Acquired the taste for ruby grapefruit recently, after buying three last month to make fruit peels enzyme. The fruit is tangy and sweet at the same time while the peels yield better results than orange peels when comes to making fruit enzyme.
Therefore, I bought another six last weekend to make more enzyme. So, what should I do with the flesh of the fruit then? Since the weather has been rather hot and humid lately, I decided to make sorbet instead.
Ingredients (Makes about 3/4 pint)
150ml water
180ml grapefruit juice (squeeze and remove pulp)
110g white sugar
1/2 tbsp grapefruit zest (from 1 grapefruit)
Method:
1. Combine water and sugar in a saucepan over medium high heat.
2. Bring to a boil and stir until sugar dissolves.

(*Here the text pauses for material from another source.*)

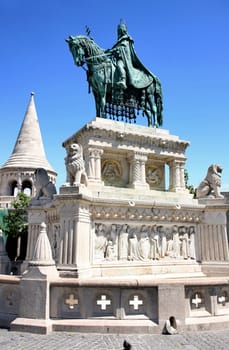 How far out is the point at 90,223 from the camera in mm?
10641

3. Remove from heat, add zest and set aside to cool.
4. Once cool, sieve the mixture to remove the zest to set aside.
5. Add grapefruit juice, some zest from previous step, stir and cover.
6. Refrigerate for a couple of hours until thoroughly chilled.
7. Once chilled thoroughly, put in the freezer.
8. Remove from freezer after 1 hour to churn using a fork.
9. Repeat the step for another 3-4 times and store in the freezer until ready to serve.
This sorbet is by far the best that I have made. The tanginess and sweetness was just right. When eaten with a bit of grapefruit juice and flesh, was really refreshing. This will be my go-to sorbet from now on.